This was the first study conducted in Iran to evaluate ciliary ultrastructural defects among patients presenting with symptoms attributable to PCD. Early diagnosis of PCD is of great importance as appropriate clinical intervention and early treatment prevent permanent bronchiectasis and other insidious lung tissue damage (9).
According to the European Respiratory Society Guidelines for the diagnosis of primary ciliary dyskinesia, it is highly recommended that patients with recurrent wet cough, chronic rhinitis, persistent middle ear disease, congenital heart disease, neonatal respiratory infections in infants and a history of intensive neonatal treatment be screened for PCD. In addition, PCD patients' siblings should also undergo PCD investigations (10, 11). The most prominent symptoms among patients were bronchiectasis (39%) and persistent sinusitis (34%). However, in the PCD group, persistent respiratory infection was even greater than those symptoms reported (50%).
PCD and SCD may have similar symptoms, but TEM findings are permanent and seen in most of the cilia in PCD patients. Secondary changes, however, could be the result of former infections and would recover by the time or culture of the sample (6, 12, 13). Compound cilia (41.4%) and extra-tubules (44.3%) are examples of SCD identified in almost half of the sample population (Figure.2).
Furthermore, some changes, such as microtubular disorganization and central pair abnormalities, may be common between PCD and SCD. Therefore, to confirm this diagnosis, they should present with other specific PCD criteria. Repeating the biopsy and considering a sufficient healthy interval before sampling also help to differentiate between PCD and SCD more precisely (14). IDA defect is also among the overlapping appearance seen in almost 30% of our samples, probably due to the difficulty of seeing IDA by TEM (15-17). (Table-3) (Figure.3).
It is therefore highly suggested that the biopsy be iterated specifically for this group (18). In addition, in the event of an isolated IDA defect, the cultivation of the sample may result in a reversal and therefore exclude the diagnosis of PCD (6). Likewise, considerable attention must be paid to the ultrastructure at the tip and base of the cilia to prevent misinterpretation as ultrastructural defect (14).(Figure 4).
To date, PCD diagnosis remains a significant medical challenge in resource-limited regions.

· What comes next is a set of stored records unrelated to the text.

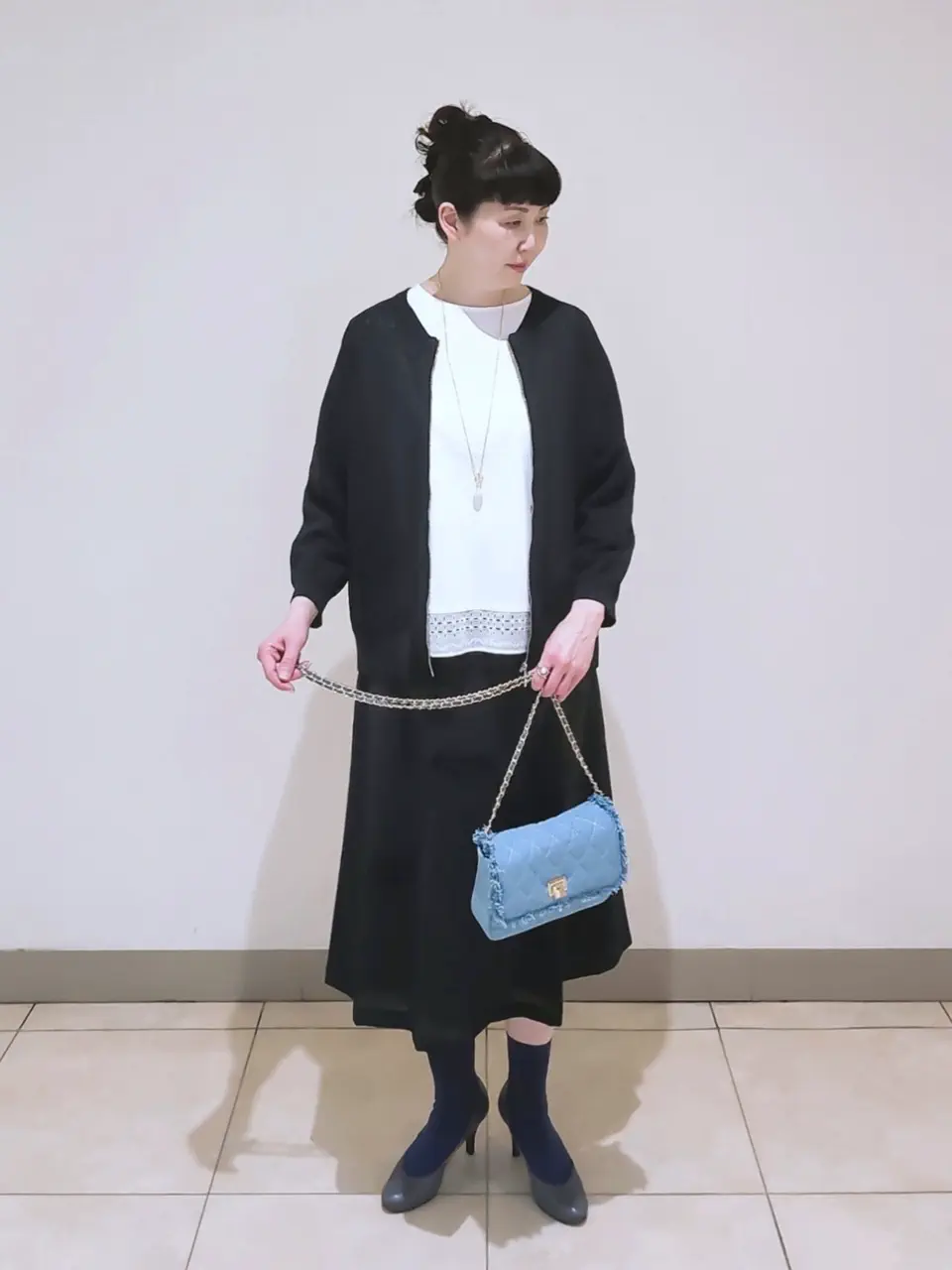 J.PRESS LADIES L スタッフ コーディネート画像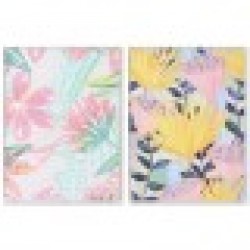 Картина DKD Home Decor Модерен Лист на растение (60 x 4 x 80 cm) (2 броя) - Картини, Плакати, Пъзели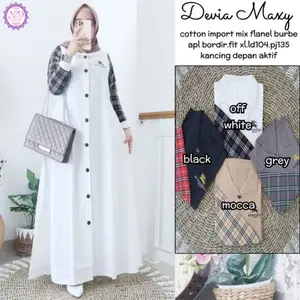 [ BEST SELLER ] Gamis Kotak Full Kancing Mix Katun Square Baju Gamis Wanita Terbaru  Dress Muslim Crinkle Airflow Maxi Syari Atasan Panjang Dewasa • simpel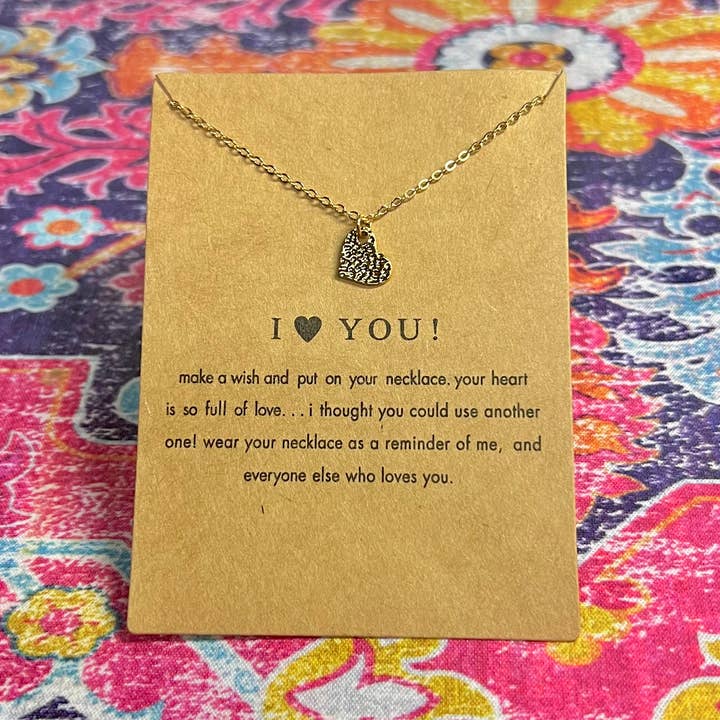 Briano Wholesale - Wholesale Pendant/Charm Necklace - Inspirational Make a Wish Necklaces With Card20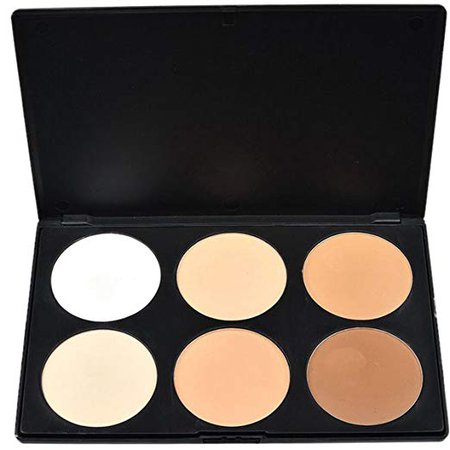 Amazon.com : RoseFlower Pro 6 Colours Large Face Press Powder Foundation Concealer Camouflage Makeup Palette Cosemetic Contouring Kit #1 - Ideal for Professional and Daily Use : Beauty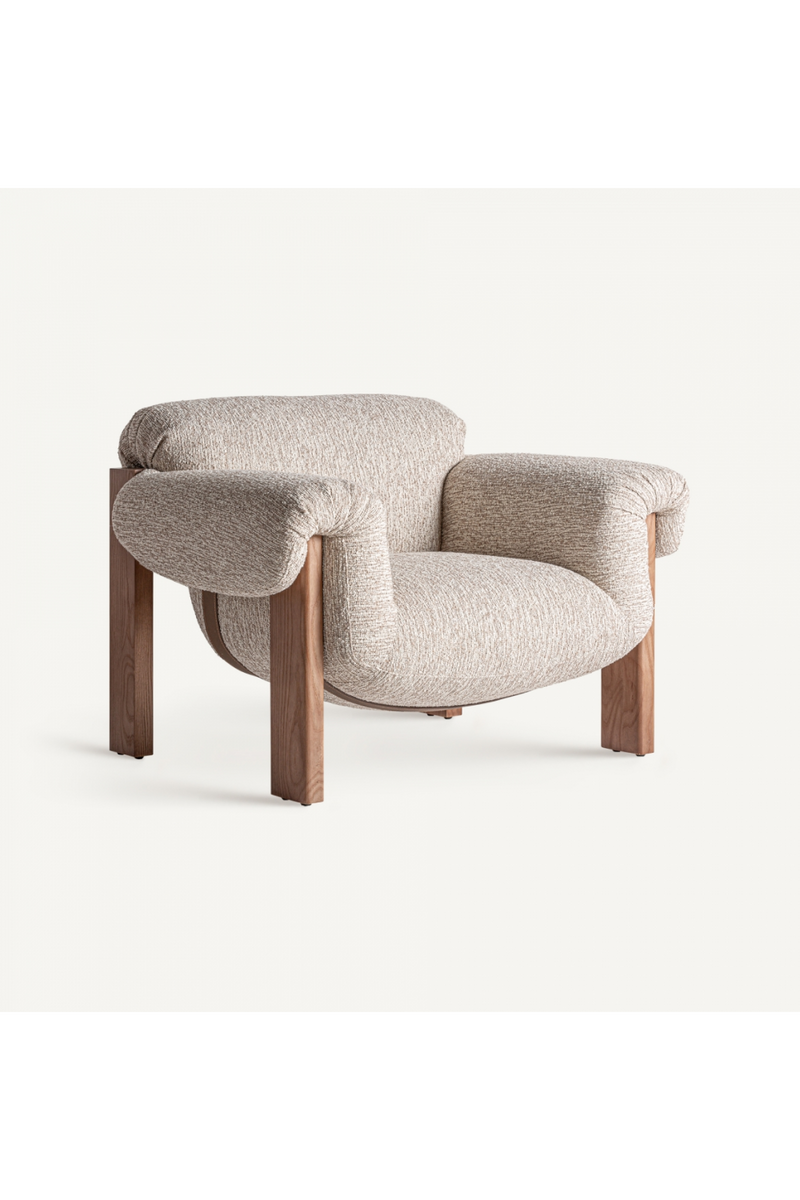 Pine Framed Upholstered Armchair | Vical Home Uznach | Woodfurniture.com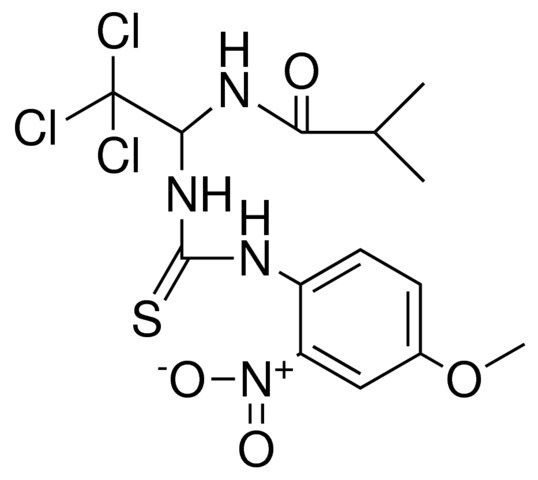 N-(2,2,2-TRICHLORO-1-(3-(4-MEO-2-NITRO-PHENYL)-THIOUREIDO)-ETHYL)-ISOBUTYRAMIDE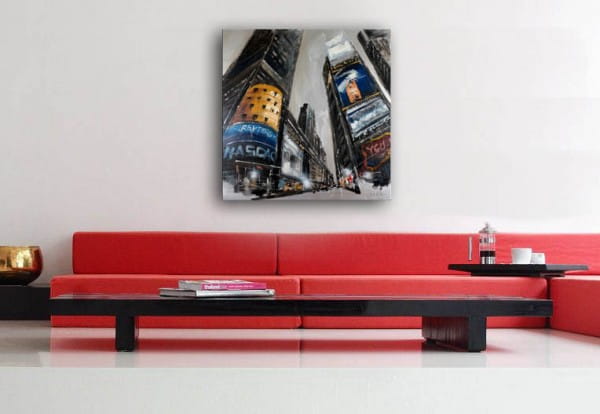 Spectaculars at Times Square - Oil on Canvas - M. Klein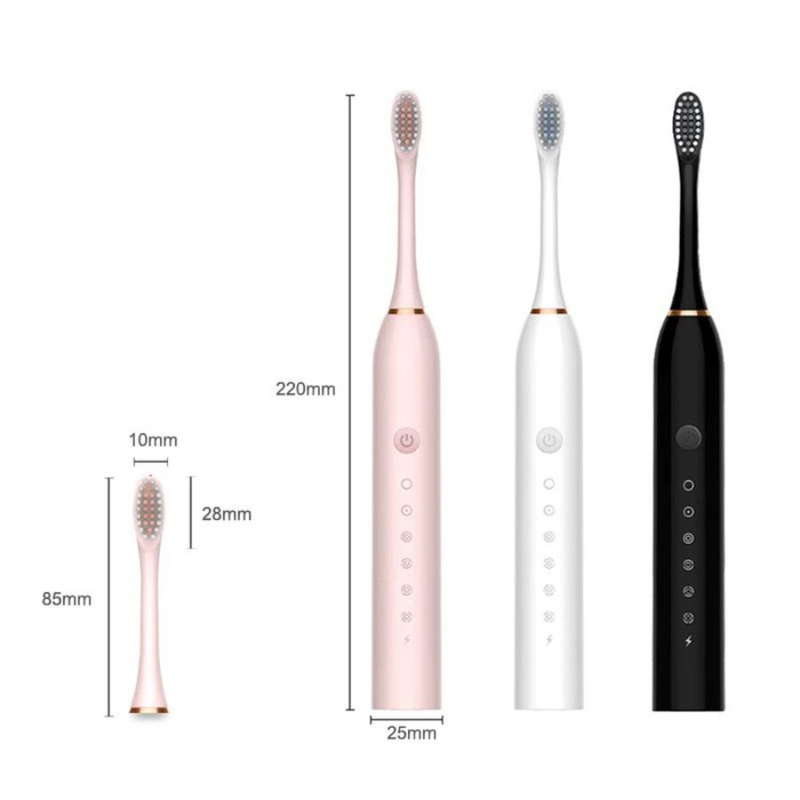 Escova de Dentes Elétrica Impermeavel Recarregável
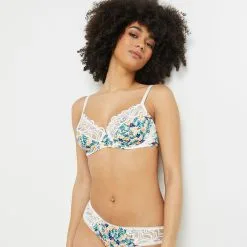 SYARA SOUTIEN-GORGE EMBOITANT BLANC/VERT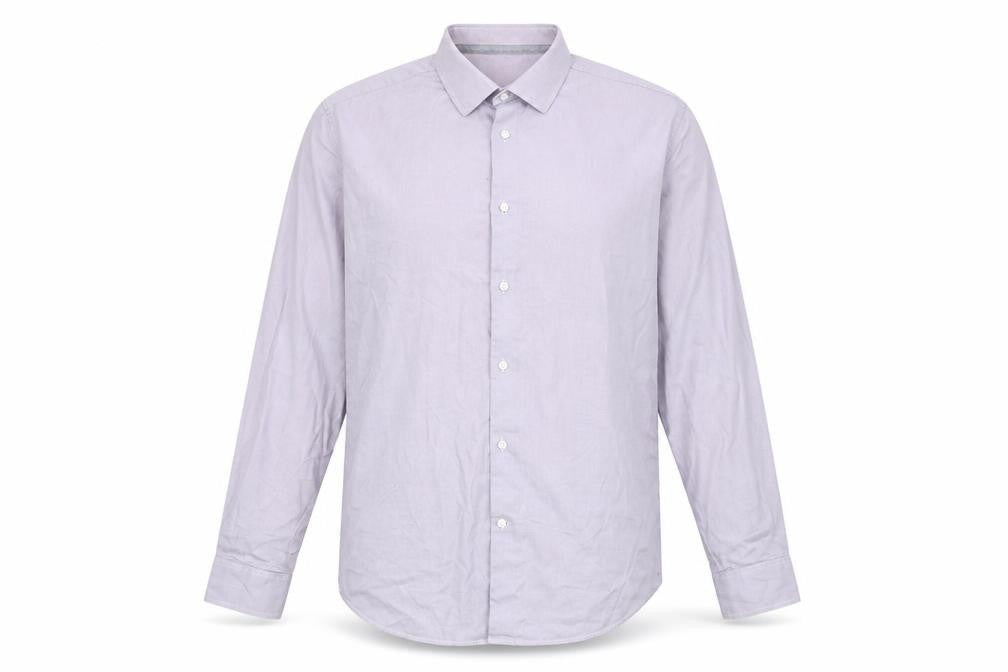 Mens UK Size 16.5 NEXT Purple  Button-Up Long Sleeve Casual Shirt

Although TEM was previously thought to be a gold standard test, there is currently no stand-alone PCD test and there are also a variety of diagnostic approaches in different countries based on their local guidelines (19).
Several techniques are required to confirm PCD diagnosis, as well. Saccharine testing was previously done for PCD screening (20), although this is not reliable anymore (20). To date, nasal nitric oxide (nNO) and high-speed video microscopy analysis (HSVA) have been used in combination with TEM to confirm a PCD diagnosis based on local diagnostic algorithms. However, the European Respiratory Society Guideline (10) labels nNO (for patients under the age of 6 years) and HSVA as a "weak recommendation" and still strongly advocates TEM. Due to the lack of a local guideline in our region, we recommend that TEM be a reliable tool because of its high specificity. However, up to 30 percent of PCD patients have normal TEM results (14). Furthermore, by using TEM alone, there is no confirmed diagnosis for patients with" Class 2 "defects (indicate PCD). We therefore suggest that other tests should be performed for these patients, along with TEM repeat or sample cultivation, to make further decisions (14). Further studies are needed to establish a local guideline in western Asian countries.
These patients would have a normal joyful life only if they are diagnosed on-time and given proper antibiotic treatment in each respiratory infections. Regular physiotherapy is useful, as well (21) On the other hand, recurrent infections will result in respiratory complications, including recurrent pneumonitis, bronchiectasis, parenchymal fibrosis, hypoxemia induced by ventilation / perfusion mismatch and right ventricular failure, if they remain undiagnosed. Hence, early diagnosis would prevent irreversible consequent complications caused during clinical course and also reduce the burden of disease and its great cost for the health system (22).
Our work has led us to conclude that among suspected PCD patients the most common ultrastructural ciliary defects were extra-tubule and compound cilia. However, the most prevalent hallmark diagnostic defects were ODA and IDA defect among PCD patients. Further studies are needed to establish a local guideline in western Asian countries.